[Captioned web image data]
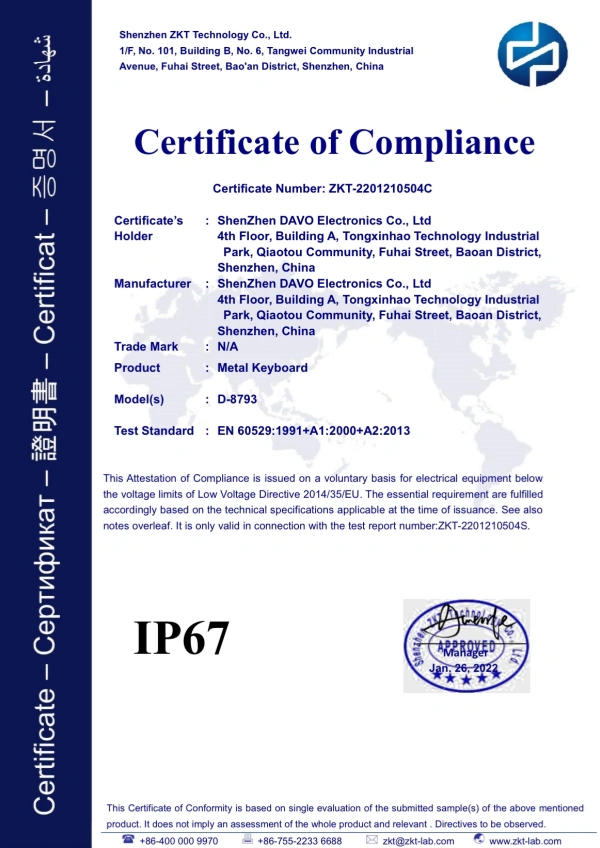 IP67-certificate-industrial-keyboard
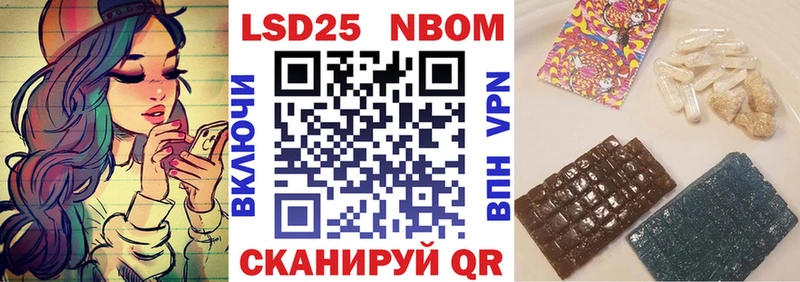 Марки N-bome 1,5мг  цены наркотик  Долинск 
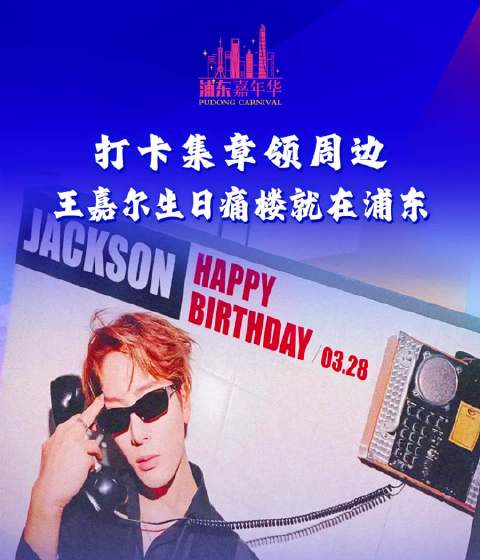 打卡集章领周边 王嘉尔生日痛楼就在浦东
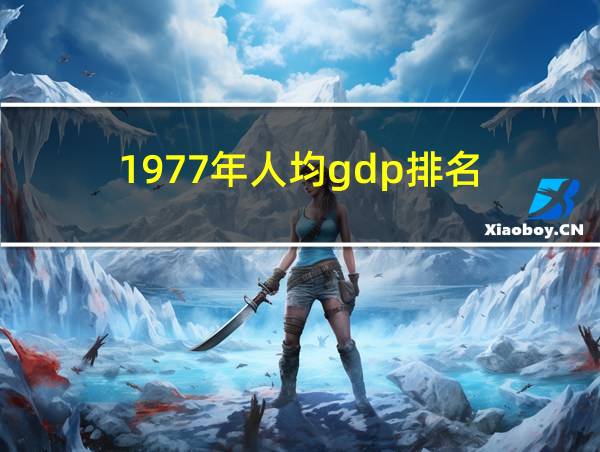 1977年人均gdp排名的相关图片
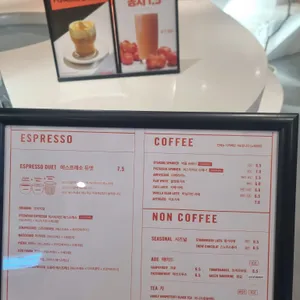 카페벽돌 리뷰 사진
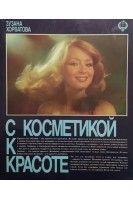 С косметикой к красоте (БУ). Хорватова Зузана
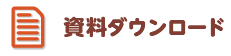 資料ダウンロード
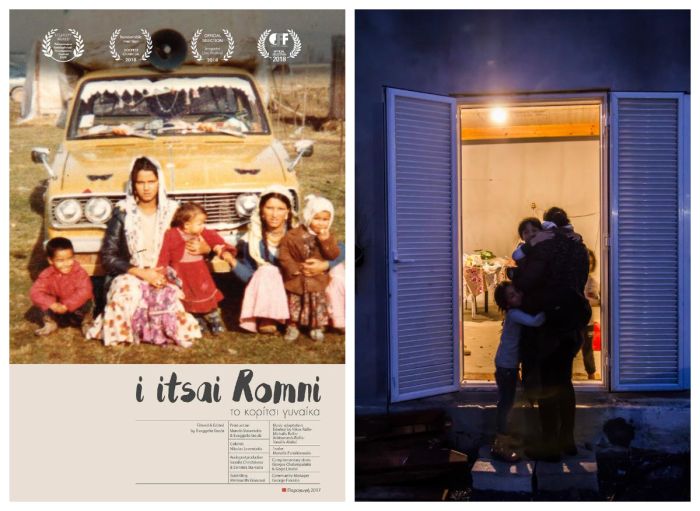 Η βραβευμένη σκηνοθέτιδα Ευαγγελία Γούλα μιλά για τους Ρομά έχοντας την κάμερα σαν προέκταση του χεριού της / Με τα ντοκιμαντέρ 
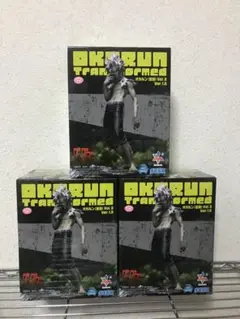 ダンダダン　Luminasta オカルン　Vol.2 Ver.1.5 フィギュア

* Problem to solve *
Reproduce exactly and only the lines from the "打卡集章领周边 王嘉尔生日痛楼就在浦东" line to the last line of the records above. Do not carry over any pictures.

* Written solution *
 打卡集章领周边 王嘉尔生日痛楼就在浦东
 1977年人均gdp排名的相关图片
 카페벽돌 리뷰 사진
 С косметикой к красоте (БУ). Хорватова Зузана
 資料ダウンロード
 Η βραβευμένη σκηνοθέτιδα Ευαγγελία Γούλα μιλά για τους Ρομά έχοντας την κάμερα σαν προέκταση του χεριού της / Με τα ντοκιμαντέρ 
 ダンダダン　Luminasta オカルン　Vol.2 Ver.1.5 フィギュア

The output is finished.